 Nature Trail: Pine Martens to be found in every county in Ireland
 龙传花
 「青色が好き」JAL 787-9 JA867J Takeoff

...

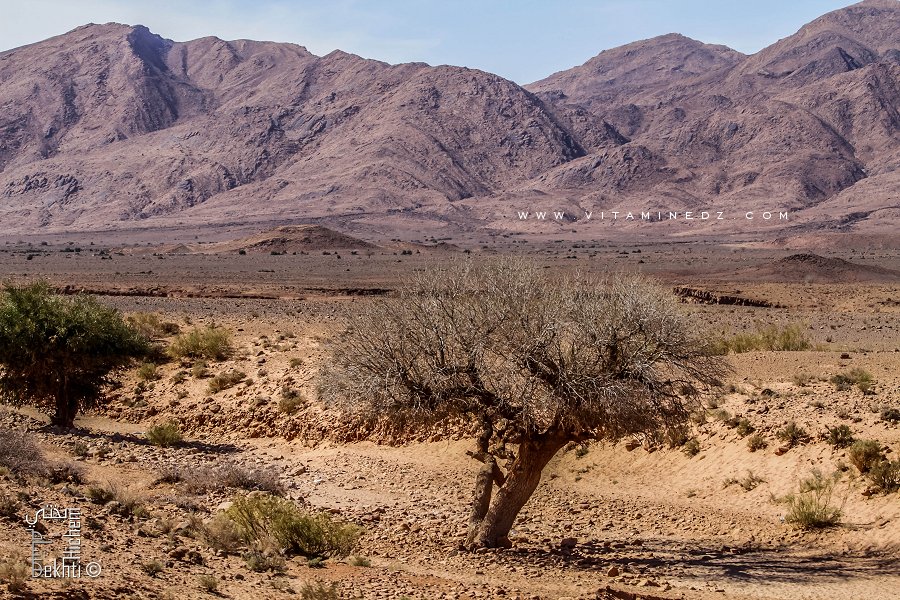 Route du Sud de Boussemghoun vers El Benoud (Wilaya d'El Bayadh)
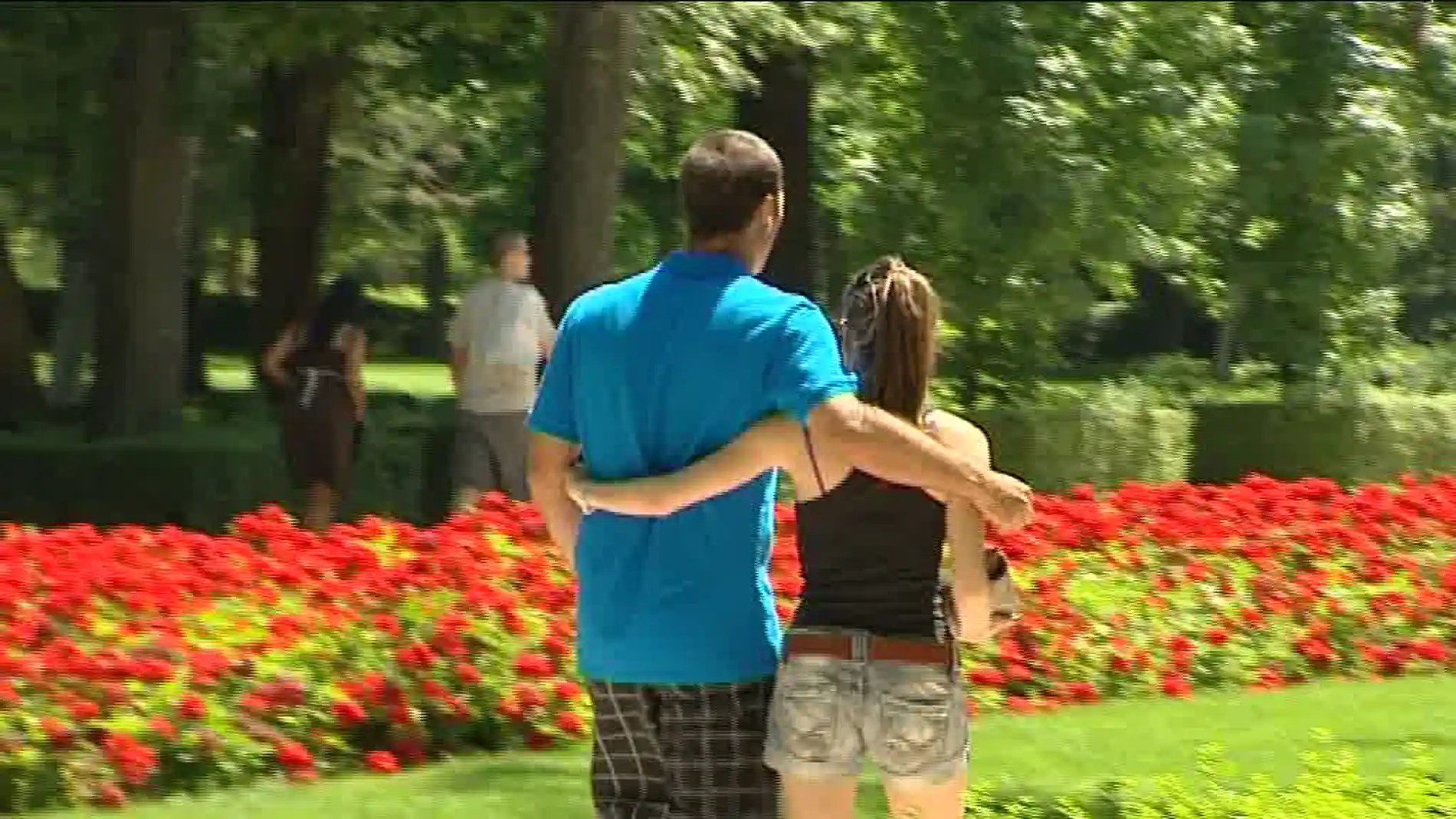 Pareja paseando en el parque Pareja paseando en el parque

▸ WORK INSTRUCTIONS: Output exactly the lines of the material above from the one containing "Nature Trail: Pine" up to and including the one containing "787-9 JA867J Takeoff".

▸ SOLUTION FOR THIS PROBLEM:
 Nature Trail: Pine Martens to be found in every county in Ireland
 龙传花
 「青色が好き」JAL 787-9 JA867J Takeoff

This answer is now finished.